A few miles away from your local gay pride parade, though, there's a 13-year-old boy crying in his room because he was beaten up for asking another boy to a dance. There's a 40-year-old woman down the street who thinks that killing herself would be better than coming out to her husband and kids. And these people aren't necessarily the ones watching "It Gets Better" videos. I know that if I had watched one of those videos six years ago, I would have thought: Maybe it will get better for them, but it won't for me. Campaigns like the Trevor Project are terrific, but it's crucial to remember that they are strategies, not solutions.

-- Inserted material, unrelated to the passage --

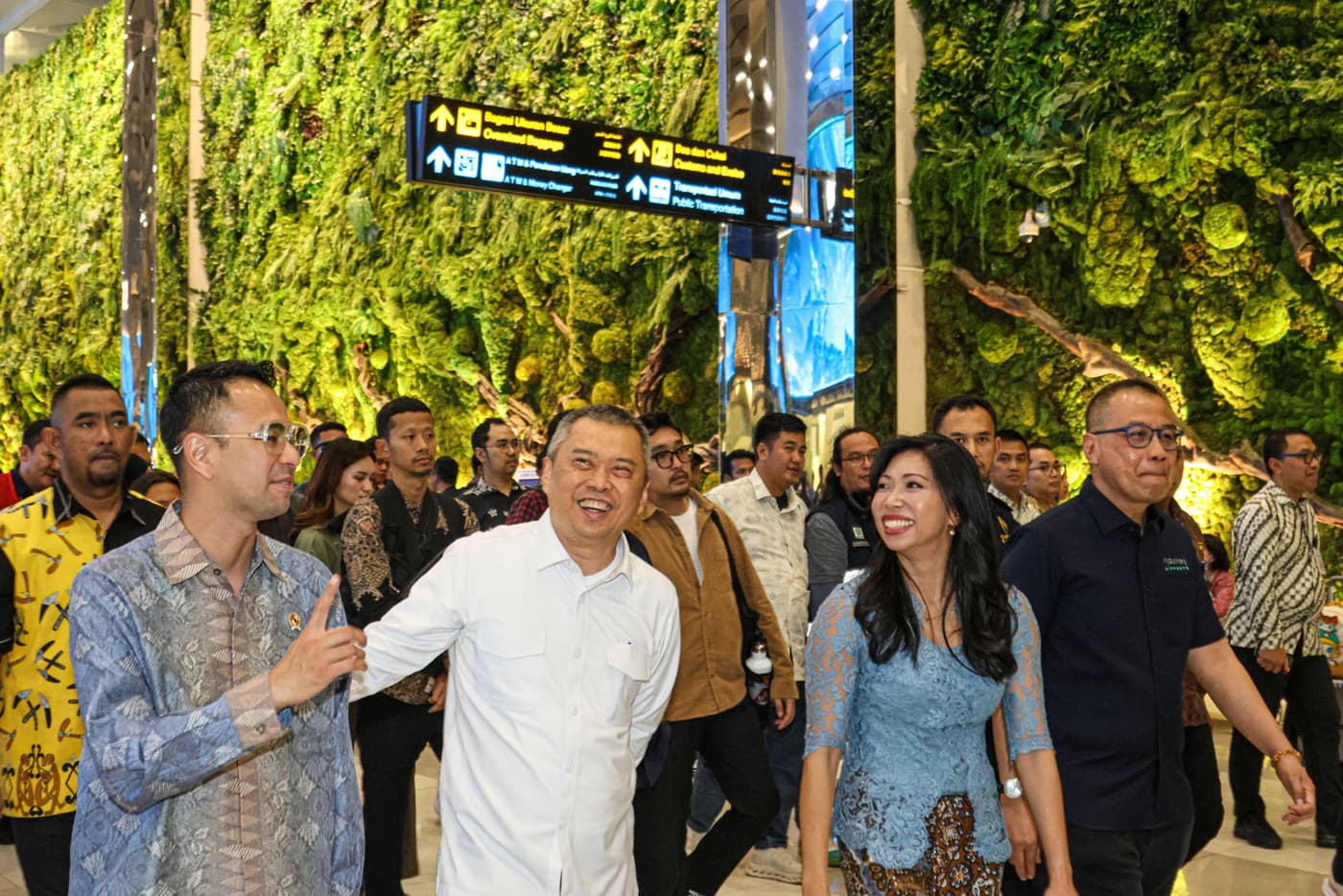 Dari kiri Utusan Khusus Presiden Raffi Ahmad, Menhub Dudy Purwaghandi, Dirut Injourney Maya Watono dan Dirut Injourney Airport Faik Fahmi melihat renovasi Terminal 3, Bandara Soekarno-Hatta, Tangerang, Banten, Jumat (20/12/2024). (Hanung Hambara/Jawa Pos) - Image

I've mentioned that I moonlight as a community college English professor. Six weeks ago, one of my students came out to me (asking during office hours, “Uh… I was wondering, mmm, what it’s like to be… uh, different?”). Let's call him Doug. Doug is 21. He had only come out to a few of his friends, and none of them were gay. He desperately needed practical advice about self-presentation, dealing with parents, dating, safety, etc. I'd never mentioned my own sexual orientation in class--but, heck, I regularly wear a shirt and tie, so I'm not exactly closeted. Because I was identifiable as gay, he decided to come out to me.
Over the course of the quarter, Doug and I had a few conversations about his sexual orientation. When I told him the outlines of my *own* story, his look of relief nearly made me cry. (Especially since, less than a decade ago, I was in Doug's position, coming out to a gay professor of my own.)
Although Doug lives in a relatively cosmopolitan area, and although he's on the Internet constantly, he had no idea that there are two gay pride celebrations within an hour's drive of his house. I showed him some pictures of a few gay neighborhoods online, saying, "There are places where you can hold another guy's hand and no one will even blink." Doug couldn't believe it--he just stared, open-mouthed, at the pictures of rainbow-flag-adorned buildings.
Doug isn't particularly "sheltered." He's a smart, pretty typical 21-year-old kid from a conservative family in a moderate-to-liberal area of the country. Yet he didn't have a single gay friend, and was afraid to join the college's LGBT group for fear that his straight acquaintances would find out. The last week of class, he gave me a big hug and told me that talking to me had changed his life. Doug had even mustered the courage to come out to his father (who was pretty upset about it, but told Doug he still loved him).
If I hadn't been identifiable as gay, Doug wouldn't have approached me. But by being my normal self in the classroom, I did something good. Visibility of regular ol' gay people (even if they’re cramming subject-verb agreement down your throat) is invaluable to kids--and adults--struggling with self-acceptance. It's one thing to know in the abstract that life is improving for LGBT folks, but there's no substitute for seeing gay people in your community who are out and "normal" and happy: reading books at the library, shopping for groceries, going to movies with their partners.
Many of us think a lot about the perils of being butch. To be comfortable in our own skin, we often have to be outsiders. We get called "sir" in the restroom. We get stared at in the department store. And often, this sucks.
But we also have the great privilege of being one of the most obviously, identifiably queer subgroups of the entire LGBT community. Just by showing up as ourselves, we raise visibility. Remember that you are doing awesome, important, life-saving work just by showing up as you really are. In ways that you may never know, your identifiably gay self is making some other questioning person more comfortable, more confident, and more hopeful.